Badan Pengawas Pemilu (Bawaslu) akan menyelidiki Keputusan Komisi Pemilihan Umum (KPU) untuk menghilangkan diagram hingga bagan perolehan suara Pileg dan Pilpres 2024 dalam real count pada Sistem Rekapitulasi Suara (Sirekap).
“Seharusnya SOP-nya (Standar Operasional Prosedur) seperti apa? Kan kita minta dulu untuk diberhentikan sementara untuk memperbaiki. Pertanyaan sekarang, sudah diberhentikan sementara atau bagaimana?” ujar Ketua Bawaslu, Rahmat Bagja, Rabu (6/3/2024), dilansir dari Antara.
Ia mengingatkan KPU agar sistem yang telah dibuat tetap berpedoman pada SOP. “Jangan juga sistem yang sudah dibangun itu tidak menampilkan apa yang seharusnya ditampilkan,” tutur Bagja.
Bawaslu, kata dia, masih belum mendapatkan penjelasan dari KPU terkait berbagai permasalahan Sirekap.
“Nah sekarang kan sudah dihentikan, misalnya, berapa lama pertanyaannya? Kemudian, kenapa itu tidak presisi? Itu juga sampai sekarang belum dijelaskan,” ucapnya.
Jika alasan peniadaan diagram hingga bagan perolehan suara agar masyarakat dapat melihat formulir Model C1-Plano, maka KPU harus menyertakan formulir D Hasil mulai dari tingkat kecamatan.
“Sehingga masyarakat bisa melihat perbedaan jika ada perbedaan, jika ada permasalahan antara C Hasil dengan rekap di tingkat kecamatan atau teman-teman saksi,” ujar Bagja.
Ia mempertanyakan tempat pemungutan suara (TPS) masih tidak tersedia formulir C Hasil.

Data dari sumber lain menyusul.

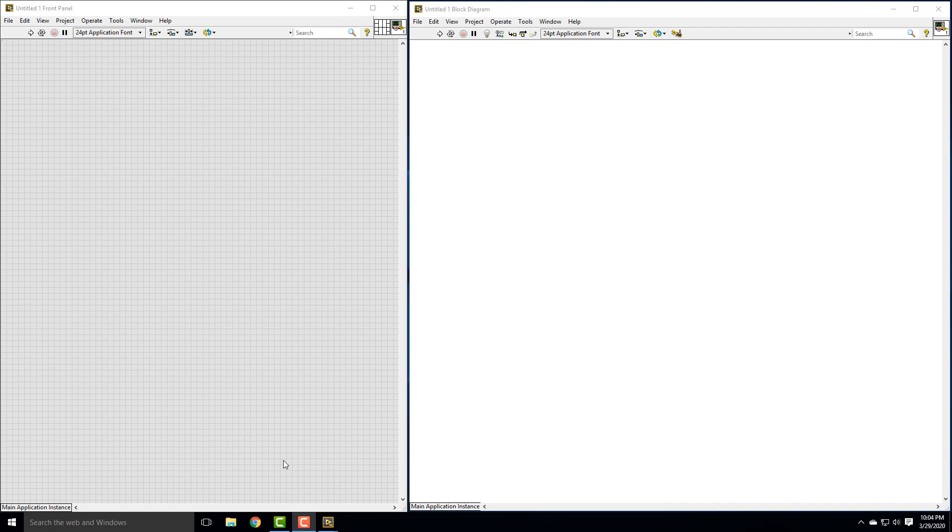Hi everyone, it's Dr. Dan Piperi. In this video, I'm going to talk to you about acquiring data across the internet using TCP and using LabVIEW.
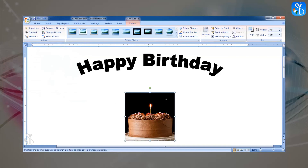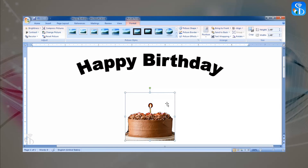Click on the background color which we want to remove from the image. We can see that color disappearing from the background.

“Nah itu pertanyaannya. Kami juga sudah menanyakan ke pengawas TPS (PTPS), kenapa itu belum di-upload (diunggah)? Akan tetapi, yang meng-upload itu kan teman-teman KPPS (Kelompok Penyelenggara Pemungutan Suara), bukan PTPS,” tutur Bagja.
Sebelumnya, Anggota KPU, Idham Holik mengungkap penyebab diagram hingga bagan suara Pileg dan Pilpres 2024 dalam real count pada Sirekap mendadak hilang. Kata dia, Sirekap tak satu atau dua kali mengalami galat. Dampaknya, jumlah perolehan suara hasil pindai dan di Model C1-Plano menjadi berbeda.
Idham menganggap ketidakakuratan data justru memunculkan prasangka publik. Jadi, KPU mengubah format dalam menampilkan hasil rekapitulasi.
“Ketika hasil pembacaan teknologi Sirekap, tidak atau kurang akurat dan belum sempat diakurasi oleh uploader, Kelompok Penyelenggara Pemungutan Suara (KPPS), dan operator Sirekap KPU kabupaten/kota akan jadi polemik dalam ruang publik yang memunculkan prasangka,” tutur Idham.